About this codelab
1. Overview
This codelab walks you through analyzing a stream of credit card transaction data being written to Bigtable. You'll learn how to use the Bigtable change streams to BigQuery template to export data in real-time. Then, you'll see techniques to query the change stream log and how to reformat the data to create a dashboard using Looker.
This codelab is intended for technical users who are familiar with Bigtable, using command line tools, and event streaming services.
This codelab shows you how to do the following:
- Create a Bigtable table with a change stream enabled.
- Create a BigQuery dataset.
- Deploy the Dataflow template
Bigtable change streams to BigQuery.
- Query the event stream in BigQuery.
- Visualize the event stream with Looker.
This diagram shows the architecture of the system you'll be deploying.
2. Project setup
- In the Google Cloud console, on the project selector page, select or create a Google Cloud project.
- Make sure that billing is enabled for your Google Cloud project.
- Visit this pre-populated API enablement page to enable the necessary APIs for Dataflow, Bigtable, BigQuery, Looker, and Cloud Storage.
3. Create a BigQuery dataset
You'll be analyzing data using BigQuery later in the codelab. Follow these instructions to create the dataset for your data pipeline's output.
- In the Google Cloud console, go to the BigQuery page.
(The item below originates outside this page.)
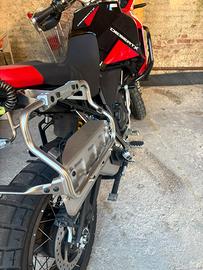 Ducati desert x discovery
- In the Explorer pane, find your project name, and click the overflow menu (three vertical dots next to the project ID).
- Click Create dataset.
- In the Create dataset panel, do the following:
- For Dataset ID, enter
bigtable_bigquery_tutorial
. - Leave the remaining default settings as they are.
- Click Create dataset.
4. Create a Bigtable table with a change stream enabled
Bigtable is a low-latency, horizontally scalable NoSQL database service, and one common use case for it is serving financial data. Here you are going to create a table that can store credit card transactions. Bigtable can handle the high throughput writes of transactions around the world and could even use that data for real-time fraud detection.
- In the Google Cloud console, go to the Bigtable Instances page.
- Click the ID of the instance that you are using for this tutorial. If you don't have an instance available, create an instance with a name of your choosing in a region near you. You can use the default configurations for everything else.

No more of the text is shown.